Per questo motivo, oggi i presidenti di Assieme per il Tagliamento (Franca Pradetto) e del WWF FVG (Roberto Pizzutti) hanno chiesto civilmente di poter partecipare come semplici uditori alla seconda seduta del Laboratorio, soprattutto per il fatto che il primo sodalizio non dispone nemmeno di un proprio rappresentante ufficiale nella commissione, nonostante i numeri e le regole di nomina dovessero garantire la presenza dell’Ing. Pascoli Sergio, oltre al prof. Ezio Todini, indicati dal wwf Legambiente e Assieme per il Tagliamento come da richiesta pervenuta dalla Regione.
Oltre a garantire la tanto sbandierata trasparenza, la partecipazione dei nostri rappresentanti alla seduta avrebbe consentito la presenza di più conoscitori del territorio locale. Avremmo inoltre potuto accertarci che tutte le proposte e gli studi di settore venissero effettivamente presi in considerazione e avremmo potuto ottenere direttamente informazioni su quanto emerso dalla seduta, diversamente da quanto accaduto nell’incontro precedente.
Nonostante l’estrema banalità del “concedere” così poco, ai 2 presidenti non è stato consentito di assistere ai lavori, sia per intervento del direttore centrale ambiente e lavori pubblici (con linguaggio burocratese) sia in particolare per opposizione dell’ass. regionale De Anna.
Quest’ultimo infatti, incrociato all’entrata dell’aula della seduta di giunta regionale, alla civilissima richiesta di possibilità di partecipazione ha immediatamente reagito, andando incomprensibilmente su tutte le furie e alzando il tono in modo alquanto violento ed inconcepibile, assalendo verbalmente i 2 rappresentanti della società civile e chiamando addirittura la sicurity per espellere chi aveva osato tanto. Forse il colore rosso dei calzoni del Presidente del WWF FVG ha scatenato tale comportamento?

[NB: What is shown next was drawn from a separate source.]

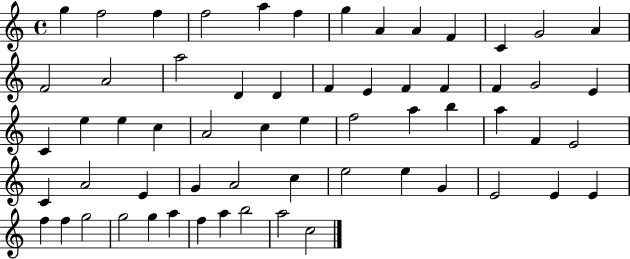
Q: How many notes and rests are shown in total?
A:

Sarebbe bastato un po’ di educazione e meno arroganza e la cosa si sarebbe risolta. Invece tale comportamento ha alimentato ulteriormente la dose di dubbi sulle finalità del Laboratorio Tagliamento: 1) dopo mesi di suspance, la prima seduta è stata convocata in pieno periodo di ferie, a 5 giorni dalla seduta; 2) a detta del Presidente della Regione al tavolo si discute della solo proposta di diga-ponte da realizzare fra Dignano e Spilimbergo, mentre invece altre sono le proposte; 3) la seconda seduta è stata convocata proprio nella data segnalata come impossibile per il componente indicato dagli ambientalisti; 4) nella prima seduta sono stati dati per assodati elementi di portata che sono tutti da dimostrare e che proprio per questo andavano proprio messi in discussione.
Resta quindi la preoccupazione che il “laboratorio” rimanga solamente una pura formalità, cui appoggiarsi per giustificare le famigerate casse di espansione sul Tagliamento, e non prendere in considerazione altre soluzioni meno invasive per la Natura, pur altrettanto efficaci per quanto riguarda la sicurezza da futuri fenomeni meteorologici eccezionali.
Le associazioni da parte loro non intendono cedere nelle loro richieste di trasparenza e vogliono conoscere qual è il destino del nostro territorio e delle nostre tasse.